Monday, January 15, 2024

'I Am Breathing--Still'

R.L. Barth is preparing a chapbook of poems titled Ghost Story for a publisher. One of its sections, “Snowfall in Vietnam: Poems/Maxims,” consists of ten one-line, five-syllable poems and accompanying titles, some of which are longer than the poems. Their extreme concision extends the logic of Bob’s earlier poems, which are tight and spare and continue the tradition of Martial, Winters and Cunningham. All are rooted in Bob’s experience as a young Marine in Vietnam in 1968-69. Here are some samples, first title, then poem: 

Snowfall in Vietnam:

“Leaflets fill the sky.”

 

A Chateau in the Foothills:

“Are these stains French blood?”

 

Death:

“I am breathing—still.”

 

These are poems that exceed the demands of imagism.

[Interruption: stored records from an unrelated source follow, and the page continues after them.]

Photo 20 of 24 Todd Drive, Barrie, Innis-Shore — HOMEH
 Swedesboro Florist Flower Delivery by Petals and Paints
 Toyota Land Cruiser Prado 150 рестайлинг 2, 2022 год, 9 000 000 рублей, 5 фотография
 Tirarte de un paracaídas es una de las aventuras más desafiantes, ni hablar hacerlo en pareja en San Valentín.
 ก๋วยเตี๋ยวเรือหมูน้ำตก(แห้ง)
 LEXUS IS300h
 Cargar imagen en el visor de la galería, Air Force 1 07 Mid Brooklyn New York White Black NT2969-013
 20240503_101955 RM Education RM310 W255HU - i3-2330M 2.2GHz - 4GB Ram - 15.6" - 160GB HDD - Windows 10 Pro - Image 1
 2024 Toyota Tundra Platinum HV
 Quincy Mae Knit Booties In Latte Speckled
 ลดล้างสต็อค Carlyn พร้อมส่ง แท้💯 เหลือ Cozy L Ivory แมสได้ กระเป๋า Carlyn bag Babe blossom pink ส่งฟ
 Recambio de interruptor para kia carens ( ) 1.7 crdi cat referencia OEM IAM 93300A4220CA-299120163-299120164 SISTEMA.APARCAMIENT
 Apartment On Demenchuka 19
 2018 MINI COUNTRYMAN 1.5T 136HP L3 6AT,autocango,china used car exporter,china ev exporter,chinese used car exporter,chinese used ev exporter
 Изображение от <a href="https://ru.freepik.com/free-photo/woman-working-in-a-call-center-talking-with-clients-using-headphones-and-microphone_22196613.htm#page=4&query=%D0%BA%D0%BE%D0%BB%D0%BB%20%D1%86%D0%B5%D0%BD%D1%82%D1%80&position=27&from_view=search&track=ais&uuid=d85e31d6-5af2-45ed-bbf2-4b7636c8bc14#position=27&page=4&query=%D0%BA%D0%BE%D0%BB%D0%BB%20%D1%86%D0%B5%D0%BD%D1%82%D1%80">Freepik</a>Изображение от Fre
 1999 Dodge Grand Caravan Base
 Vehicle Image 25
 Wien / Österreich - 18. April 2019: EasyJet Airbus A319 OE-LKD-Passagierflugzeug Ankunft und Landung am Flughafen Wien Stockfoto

As a newspaper reporter I was trained to expect ruthless editing. I came to understand that any copy can be trimmed and cut like a fatty steak. I long ago internalized that lesson. I still read like an editor, looking for flab to slice. Prima donnas need not apply. I’m predisposed to favoring parsimonious prose and verse, though not exclusively: At the same time I love the extravagant prose of Browne and Burton.

 

I like that Bob calls these poems "maxims," the prose form perfected in the seventeenth-century by François de La Rochefoucauld. A maxim expresses a harsh, unflattering truth with maximum brevity. A good maxim sets off a small moral explosion in the reader’s head. In his Dictionary, Dr. Johnson defines maxim as  “an axiom; a general principle; a leading truth.” Among his citations for the word is a passage from Troilus and Cressida, spoken by Cressida in Act I, Scene 2:

 

“Men prize the thing ungain’d more than it is:

That she was never yet that ever knew

Love got so sweet as when desire did sue.

Therefore this maxim out of love I teach:

Achievement is command; ungain’d, beseech:

Then though my heart’s content firm love doth bear,

Nothing of that shall from mine eyes appear.”